━━ DATA FOR THE TASK

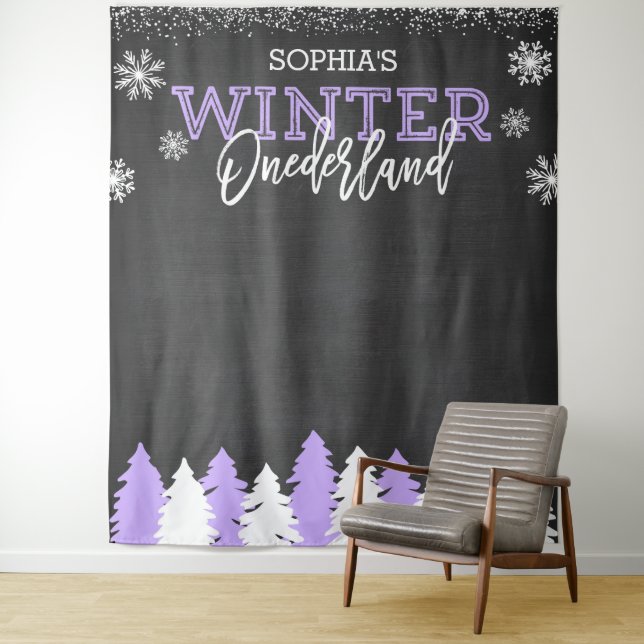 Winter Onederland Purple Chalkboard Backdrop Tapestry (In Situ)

━━━━
━━ DATA FOR THE TASK

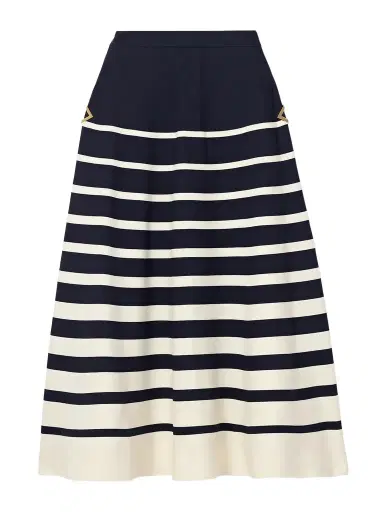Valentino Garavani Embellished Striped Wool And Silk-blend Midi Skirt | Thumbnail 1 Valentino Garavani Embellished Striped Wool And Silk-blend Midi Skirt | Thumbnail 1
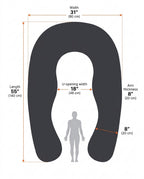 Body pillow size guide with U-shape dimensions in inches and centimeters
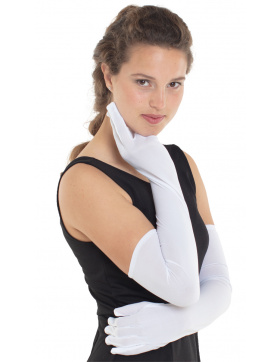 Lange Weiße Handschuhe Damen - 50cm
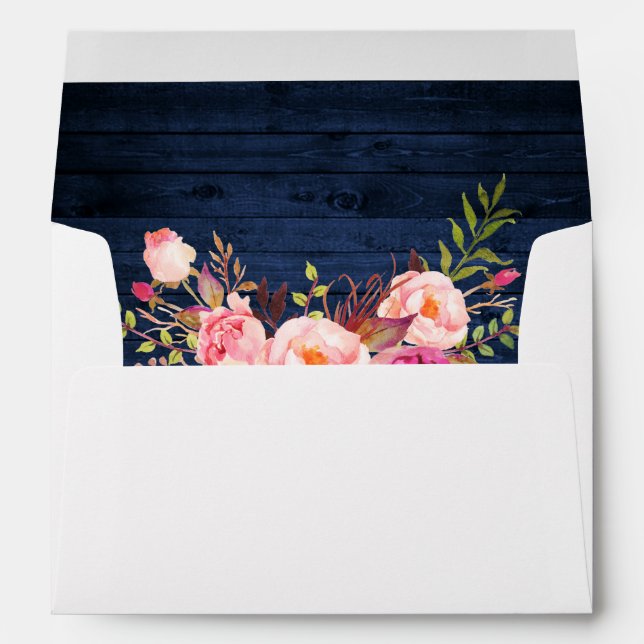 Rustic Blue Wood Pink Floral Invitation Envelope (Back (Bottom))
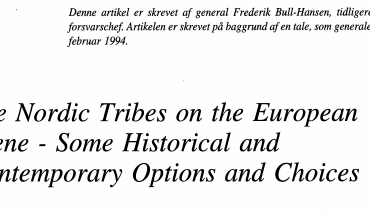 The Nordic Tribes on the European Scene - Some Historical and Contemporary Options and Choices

━━━━

EXERCISE REQUIREMENTS: Retype only the lines above from the one with "Thumbnail 1 Valentino" through the one with "The Nordic Tribes", exactly and with both ends. Images stay out.

RESULT BELOW:
Valentino Garavani Embellished Striped Wool And Silk-blend Midi Skirt | Thumbnail 1 Valentino Garavani Embellished Striped Wool And Silk-blend Midi Skirt | Thumbnail 1
 Body pillow size guide with U-shape dimensions in inches and centimeters
 Lange Weiße Handschuhe Damen - 50cm
 Rustic Blue Wood Pink Floral Invitation Envelope (Back (Bottom))
 The Nordic Tribes on the European Scene - Some Historical and Contemporary Options and Choices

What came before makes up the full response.